# trying to build a canopy



## Rob72 (Apr 2, 2011)

kinda need some help, i am not that good with wood working, need alittle of advice on building a canopy for my 54 gallon flat back hex aquarium, is there anything special i need to do i looked for plans but found nothen for this type of tank any help would be appreciated thanks in advance


----------



## majerah1 (Oct 29, 2010)

I say measure and draw your plans out.Then do some cuts and before nailing see how it will fit together.


----------



## Rob72 (Apr 2, 2011)

thanks bev, i cut a peice of card board out and laid in on the oak sheet i have, i got that part, its the peices that attach to the lid that actually that have the angels on it to get them right is what messes me up, im not a good wood worker just good with horses lol i might just have to buy some extra peices adn cut until i get it right


----------



## GraphicGr8s (May 24, 2011)

In this case a bevel gauge is your best friend. Measure the bevel and set the saw to it. 
You could use a protractor to get the total angle and split that in two. You could also lay the wood you are using for the sides right up on the tanks and measure from that. That's what I would do for a down and dirty good looking top.


----------



## majerah1 (Oct 29, 2010)

Agree,with George.A bevel guage will help.Im not good at wood working either.My husband does that stuff,I just watch,lol


On the horses,I wish you could come up here and rescue the horses at the neighbors.Hes got five in a muddy cesspool,no food save for a single bale of hay once a week,shoed and no ferrier for over a year.

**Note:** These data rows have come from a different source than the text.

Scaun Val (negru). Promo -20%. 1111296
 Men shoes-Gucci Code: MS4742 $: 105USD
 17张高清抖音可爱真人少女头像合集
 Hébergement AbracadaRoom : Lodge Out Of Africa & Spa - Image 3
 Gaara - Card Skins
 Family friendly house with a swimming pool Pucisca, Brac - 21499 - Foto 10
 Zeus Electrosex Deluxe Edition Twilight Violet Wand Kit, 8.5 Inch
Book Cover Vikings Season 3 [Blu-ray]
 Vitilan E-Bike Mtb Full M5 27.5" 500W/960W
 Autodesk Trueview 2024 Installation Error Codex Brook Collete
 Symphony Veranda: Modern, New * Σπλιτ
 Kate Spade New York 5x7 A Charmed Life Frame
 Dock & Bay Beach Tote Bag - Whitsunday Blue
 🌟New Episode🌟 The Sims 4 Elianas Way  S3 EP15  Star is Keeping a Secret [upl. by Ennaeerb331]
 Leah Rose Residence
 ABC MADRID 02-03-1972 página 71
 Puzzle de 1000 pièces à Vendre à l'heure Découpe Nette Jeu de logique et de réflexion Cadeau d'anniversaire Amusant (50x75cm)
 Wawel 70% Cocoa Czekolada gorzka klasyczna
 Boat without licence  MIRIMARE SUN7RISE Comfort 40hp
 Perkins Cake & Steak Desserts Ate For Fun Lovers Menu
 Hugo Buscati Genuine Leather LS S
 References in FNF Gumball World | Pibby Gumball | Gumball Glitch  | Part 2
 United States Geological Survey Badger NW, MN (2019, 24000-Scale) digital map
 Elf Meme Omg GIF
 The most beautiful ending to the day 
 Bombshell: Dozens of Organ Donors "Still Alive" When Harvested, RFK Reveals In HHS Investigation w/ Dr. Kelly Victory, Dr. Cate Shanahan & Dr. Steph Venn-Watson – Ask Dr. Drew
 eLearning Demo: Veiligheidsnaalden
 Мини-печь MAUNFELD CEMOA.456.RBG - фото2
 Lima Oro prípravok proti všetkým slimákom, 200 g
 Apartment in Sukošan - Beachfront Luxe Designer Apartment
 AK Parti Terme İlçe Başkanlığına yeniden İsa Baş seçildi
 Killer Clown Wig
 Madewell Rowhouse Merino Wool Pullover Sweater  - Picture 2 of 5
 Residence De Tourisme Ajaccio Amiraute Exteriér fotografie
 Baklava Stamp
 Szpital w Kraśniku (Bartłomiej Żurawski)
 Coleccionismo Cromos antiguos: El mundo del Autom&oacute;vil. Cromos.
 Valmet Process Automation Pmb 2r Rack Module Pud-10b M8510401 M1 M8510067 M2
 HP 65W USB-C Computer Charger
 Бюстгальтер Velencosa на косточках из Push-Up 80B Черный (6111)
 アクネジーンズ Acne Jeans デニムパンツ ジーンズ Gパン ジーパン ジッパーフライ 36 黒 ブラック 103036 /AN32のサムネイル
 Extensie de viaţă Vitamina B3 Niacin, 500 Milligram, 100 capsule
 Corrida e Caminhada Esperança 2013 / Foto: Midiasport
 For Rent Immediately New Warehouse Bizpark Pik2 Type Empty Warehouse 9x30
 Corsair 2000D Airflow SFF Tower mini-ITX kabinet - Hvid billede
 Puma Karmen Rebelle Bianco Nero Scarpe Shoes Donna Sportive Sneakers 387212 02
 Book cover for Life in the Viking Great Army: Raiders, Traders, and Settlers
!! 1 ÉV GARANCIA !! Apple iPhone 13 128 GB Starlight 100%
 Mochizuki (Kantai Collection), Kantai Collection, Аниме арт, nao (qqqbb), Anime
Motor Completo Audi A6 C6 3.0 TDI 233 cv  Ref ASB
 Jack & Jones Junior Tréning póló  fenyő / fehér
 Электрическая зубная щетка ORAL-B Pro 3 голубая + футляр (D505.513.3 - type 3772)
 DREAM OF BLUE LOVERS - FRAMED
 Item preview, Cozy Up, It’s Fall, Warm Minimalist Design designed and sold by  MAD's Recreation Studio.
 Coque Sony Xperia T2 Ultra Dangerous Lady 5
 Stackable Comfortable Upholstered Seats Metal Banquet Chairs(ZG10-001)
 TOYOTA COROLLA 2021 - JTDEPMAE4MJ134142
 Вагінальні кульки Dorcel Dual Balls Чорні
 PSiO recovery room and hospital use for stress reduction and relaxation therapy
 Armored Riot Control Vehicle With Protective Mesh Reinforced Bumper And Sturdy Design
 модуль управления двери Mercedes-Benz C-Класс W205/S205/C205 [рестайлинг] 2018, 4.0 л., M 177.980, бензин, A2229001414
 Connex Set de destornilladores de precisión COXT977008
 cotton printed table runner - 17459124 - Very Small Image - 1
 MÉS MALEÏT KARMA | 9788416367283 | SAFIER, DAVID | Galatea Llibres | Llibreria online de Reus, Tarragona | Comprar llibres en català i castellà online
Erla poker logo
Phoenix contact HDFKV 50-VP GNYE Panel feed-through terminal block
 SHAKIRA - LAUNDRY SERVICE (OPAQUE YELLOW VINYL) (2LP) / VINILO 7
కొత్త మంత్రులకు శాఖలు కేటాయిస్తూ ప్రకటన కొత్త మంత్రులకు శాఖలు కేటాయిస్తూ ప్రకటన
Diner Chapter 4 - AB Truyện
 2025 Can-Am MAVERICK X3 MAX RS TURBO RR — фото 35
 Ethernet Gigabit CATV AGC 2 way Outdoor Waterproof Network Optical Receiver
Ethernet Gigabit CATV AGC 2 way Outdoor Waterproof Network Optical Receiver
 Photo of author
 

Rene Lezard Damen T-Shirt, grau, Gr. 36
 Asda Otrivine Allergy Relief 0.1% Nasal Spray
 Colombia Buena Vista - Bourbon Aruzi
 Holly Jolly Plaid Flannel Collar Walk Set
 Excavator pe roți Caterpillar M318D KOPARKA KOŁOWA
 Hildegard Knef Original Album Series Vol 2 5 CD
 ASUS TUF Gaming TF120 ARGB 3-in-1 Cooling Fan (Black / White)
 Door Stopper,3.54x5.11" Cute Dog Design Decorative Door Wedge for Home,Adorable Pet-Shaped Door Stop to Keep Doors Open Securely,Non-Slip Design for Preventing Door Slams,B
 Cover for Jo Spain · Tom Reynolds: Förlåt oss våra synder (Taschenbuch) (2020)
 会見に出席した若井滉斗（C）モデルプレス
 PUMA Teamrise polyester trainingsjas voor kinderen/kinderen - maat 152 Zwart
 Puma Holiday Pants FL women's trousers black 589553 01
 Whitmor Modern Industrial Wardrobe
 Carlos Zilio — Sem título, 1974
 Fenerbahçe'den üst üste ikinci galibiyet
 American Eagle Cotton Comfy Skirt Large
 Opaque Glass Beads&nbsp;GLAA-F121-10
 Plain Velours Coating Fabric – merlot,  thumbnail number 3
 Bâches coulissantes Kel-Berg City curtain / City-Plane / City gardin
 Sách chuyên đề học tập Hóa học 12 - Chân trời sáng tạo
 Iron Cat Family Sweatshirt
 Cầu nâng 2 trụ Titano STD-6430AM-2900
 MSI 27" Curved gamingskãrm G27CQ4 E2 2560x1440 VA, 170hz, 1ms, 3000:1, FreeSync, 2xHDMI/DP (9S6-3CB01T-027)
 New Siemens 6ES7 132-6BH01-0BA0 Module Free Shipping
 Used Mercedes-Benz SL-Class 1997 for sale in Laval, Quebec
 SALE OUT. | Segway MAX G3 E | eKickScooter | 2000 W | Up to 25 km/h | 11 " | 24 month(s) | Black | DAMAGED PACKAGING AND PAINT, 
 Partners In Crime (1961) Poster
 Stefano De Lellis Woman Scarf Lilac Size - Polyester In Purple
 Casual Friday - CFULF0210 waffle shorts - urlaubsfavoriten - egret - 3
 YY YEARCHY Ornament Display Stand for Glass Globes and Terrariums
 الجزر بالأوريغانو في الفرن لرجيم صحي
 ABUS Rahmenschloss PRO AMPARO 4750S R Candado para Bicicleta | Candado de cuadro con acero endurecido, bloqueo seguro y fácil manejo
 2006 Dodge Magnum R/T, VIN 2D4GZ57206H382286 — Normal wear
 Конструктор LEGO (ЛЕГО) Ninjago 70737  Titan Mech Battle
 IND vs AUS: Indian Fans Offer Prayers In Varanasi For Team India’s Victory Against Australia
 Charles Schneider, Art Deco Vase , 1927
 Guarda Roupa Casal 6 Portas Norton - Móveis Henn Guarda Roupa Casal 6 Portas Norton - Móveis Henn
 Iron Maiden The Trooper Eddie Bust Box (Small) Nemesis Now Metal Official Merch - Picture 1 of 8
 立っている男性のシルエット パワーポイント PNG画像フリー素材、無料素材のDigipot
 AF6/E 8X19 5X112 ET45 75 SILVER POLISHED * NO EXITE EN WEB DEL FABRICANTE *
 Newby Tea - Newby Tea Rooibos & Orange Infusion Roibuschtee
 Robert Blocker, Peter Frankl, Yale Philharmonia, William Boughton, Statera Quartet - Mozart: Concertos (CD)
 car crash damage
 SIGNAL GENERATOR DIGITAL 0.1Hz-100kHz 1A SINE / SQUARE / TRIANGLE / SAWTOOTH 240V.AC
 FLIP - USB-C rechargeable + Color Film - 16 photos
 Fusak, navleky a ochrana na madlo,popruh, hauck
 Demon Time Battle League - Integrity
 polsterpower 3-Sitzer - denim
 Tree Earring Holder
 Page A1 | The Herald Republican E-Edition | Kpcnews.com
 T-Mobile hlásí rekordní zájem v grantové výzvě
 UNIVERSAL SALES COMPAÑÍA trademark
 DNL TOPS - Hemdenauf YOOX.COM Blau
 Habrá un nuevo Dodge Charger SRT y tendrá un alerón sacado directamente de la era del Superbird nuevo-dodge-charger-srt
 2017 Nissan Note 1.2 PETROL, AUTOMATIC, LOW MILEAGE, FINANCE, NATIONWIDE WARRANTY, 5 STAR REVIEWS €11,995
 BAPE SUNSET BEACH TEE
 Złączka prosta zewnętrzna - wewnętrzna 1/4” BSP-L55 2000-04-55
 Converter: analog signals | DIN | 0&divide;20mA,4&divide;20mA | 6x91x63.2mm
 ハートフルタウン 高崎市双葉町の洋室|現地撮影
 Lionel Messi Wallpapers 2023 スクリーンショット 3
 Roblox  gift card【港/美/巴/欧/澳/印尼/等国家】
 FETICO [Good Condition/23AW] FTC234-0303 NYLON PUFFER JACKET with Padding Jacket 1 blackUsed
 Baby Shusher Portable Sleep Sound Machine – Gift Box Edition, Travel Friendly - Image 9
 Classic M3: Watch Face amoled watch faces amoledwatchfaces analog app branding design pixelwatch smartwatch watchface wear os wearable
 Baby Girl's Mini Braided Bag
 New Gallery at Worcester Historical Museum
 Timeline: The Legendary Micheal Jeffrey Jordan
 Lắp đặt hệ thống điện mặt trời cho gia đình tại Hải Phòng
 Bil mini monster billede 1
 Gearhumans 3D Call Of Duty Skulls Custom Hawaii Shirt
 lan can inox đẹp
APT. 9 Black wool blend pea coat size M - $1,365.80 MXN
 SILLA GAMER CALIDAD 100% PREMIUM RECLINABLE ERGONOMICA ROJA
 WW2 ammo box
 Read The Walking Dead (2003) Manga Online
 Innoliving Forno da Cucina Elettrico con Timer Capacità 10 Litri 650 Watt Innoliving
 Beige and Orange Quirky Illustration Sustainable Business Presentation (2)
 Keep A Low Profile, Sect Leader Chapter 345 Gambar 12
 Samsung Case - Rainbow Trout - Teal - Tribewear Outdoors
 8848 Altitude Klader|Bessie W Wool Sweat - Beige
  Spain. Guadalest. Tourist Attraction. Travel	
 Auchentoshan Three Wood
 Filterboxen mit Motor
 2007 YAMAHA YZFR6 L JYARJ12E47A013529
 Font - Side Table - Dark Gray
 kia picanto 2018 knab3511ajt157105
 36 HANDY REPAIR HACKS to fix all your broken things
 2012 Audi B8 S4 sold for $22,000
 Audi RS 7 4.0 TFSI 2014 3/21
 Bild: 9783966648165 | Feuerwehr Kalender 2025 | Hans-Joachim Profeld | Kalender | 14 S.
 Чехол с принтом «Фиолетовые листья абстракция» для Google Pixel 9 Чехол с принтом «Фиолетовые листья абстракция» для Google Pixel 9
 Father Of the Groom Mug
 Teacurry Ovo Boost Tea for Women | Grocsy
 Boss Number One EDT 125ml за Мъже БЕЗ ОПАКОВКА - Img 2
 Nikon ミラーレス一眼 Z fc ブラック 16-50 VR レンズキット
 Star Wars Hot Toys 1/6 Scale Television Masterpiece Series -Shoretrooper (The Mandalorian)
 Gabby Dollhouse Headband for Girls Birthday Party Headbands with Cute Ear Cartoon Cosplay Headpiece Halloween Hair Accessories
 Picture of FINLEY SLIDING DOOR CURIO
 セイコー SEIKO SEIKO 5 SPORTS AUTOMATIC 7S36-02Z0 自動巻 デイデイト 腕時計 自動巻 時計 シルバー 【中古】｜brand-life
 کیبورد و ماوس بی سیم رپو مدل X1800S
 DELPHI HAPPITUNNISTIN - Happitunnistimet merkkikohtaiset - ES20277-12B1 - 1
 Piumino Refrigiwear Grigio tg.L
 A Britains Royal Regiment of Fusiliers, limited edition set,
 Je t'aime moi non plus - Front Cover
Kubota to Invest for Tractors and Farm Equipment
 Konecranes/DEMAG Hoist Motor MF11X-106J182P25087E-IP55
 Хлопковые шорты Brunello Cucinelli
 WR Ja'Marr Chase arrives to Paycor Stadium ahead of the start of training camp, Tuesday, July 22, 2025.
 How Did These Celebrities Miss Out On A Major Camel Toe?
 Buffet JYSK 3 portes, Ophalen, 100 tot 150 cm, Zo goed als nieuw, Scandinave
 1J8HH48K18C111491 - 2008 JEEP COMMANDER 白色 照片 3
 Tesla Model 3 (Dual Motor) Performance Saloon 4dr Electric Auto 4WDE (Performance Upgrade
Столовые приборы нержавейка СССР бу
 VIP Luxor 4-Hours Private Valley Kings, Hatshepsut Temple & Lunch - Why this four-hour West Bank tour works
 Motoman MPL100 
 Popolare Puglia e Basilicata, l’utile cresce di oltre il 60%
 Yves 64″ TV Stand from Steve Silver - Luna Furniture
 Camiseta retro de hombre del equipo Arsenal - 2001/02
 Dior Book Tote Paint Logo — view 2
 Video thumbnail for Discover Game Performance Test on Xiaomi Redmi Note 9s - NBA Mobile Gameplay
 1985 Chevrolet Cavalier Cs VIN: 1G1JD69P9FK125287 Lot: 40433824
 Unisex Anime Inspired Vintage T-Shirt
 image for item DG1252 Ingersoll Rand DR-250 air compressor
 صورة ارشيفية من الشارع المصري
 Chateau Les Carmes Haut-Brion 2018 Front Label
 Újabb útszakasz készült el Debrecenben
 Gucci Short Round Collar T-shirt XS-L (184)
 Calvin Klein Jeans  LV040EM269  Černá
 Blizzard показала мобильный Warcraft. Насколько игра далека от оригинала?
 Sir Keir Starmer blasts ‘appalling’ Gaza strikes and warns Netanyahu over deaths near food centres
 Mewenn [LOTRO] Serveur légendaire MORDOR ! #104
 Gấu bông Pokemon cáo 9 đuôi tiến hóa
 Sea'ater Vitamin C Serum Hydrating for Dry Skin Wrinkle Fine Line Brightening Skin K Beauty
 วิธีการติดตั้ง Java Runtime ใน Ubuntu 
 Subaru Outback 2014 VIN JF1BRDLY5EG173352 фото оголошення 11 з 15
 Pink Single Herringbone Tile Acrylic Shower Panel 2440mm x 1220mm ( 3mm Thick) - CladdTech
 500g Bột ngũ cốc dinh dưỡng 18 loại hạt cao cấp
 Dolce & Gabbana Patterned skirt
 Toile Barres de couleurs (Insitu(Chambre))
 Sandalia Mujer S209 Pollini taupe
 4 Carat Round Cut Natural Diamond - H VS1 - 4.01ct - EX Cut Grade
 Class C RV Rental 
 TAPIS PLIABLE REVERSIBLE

But thats another rant,lol.


----------



## mec102778 (Feb 17, 2011)

Bev cracks me up.


----------



## Rob72 (Apr 2, 2011)

you just stand and watch Bev, sounds like my girl, thats what she does, she sat in a chair and watched me sand and stain the stand and canopy on the 90 gallon and said dang we did a good job on it didnt WE lol more like i did a good job, im gonna go find what i need this weekend and get supplies and probley start in a week on it thanks for the help everone


----------



## Rob72 (Apr 2, 2011)

on the horses Bev, if i was cloaser i would come in a heart beat and get them, what you can do is call police and they will send someone out with a vet to look at them and he can get a fine and the horses taken away and somplace good for them


----------



## majerah1 (Oct 29, 2010)

Thanks for the info,Rob.

Hey I do more than watch.We used to remodel homes for a realtor.Jesse Nash,lol.(mentioned his name as he is from KY)Dont underestimate me,lol.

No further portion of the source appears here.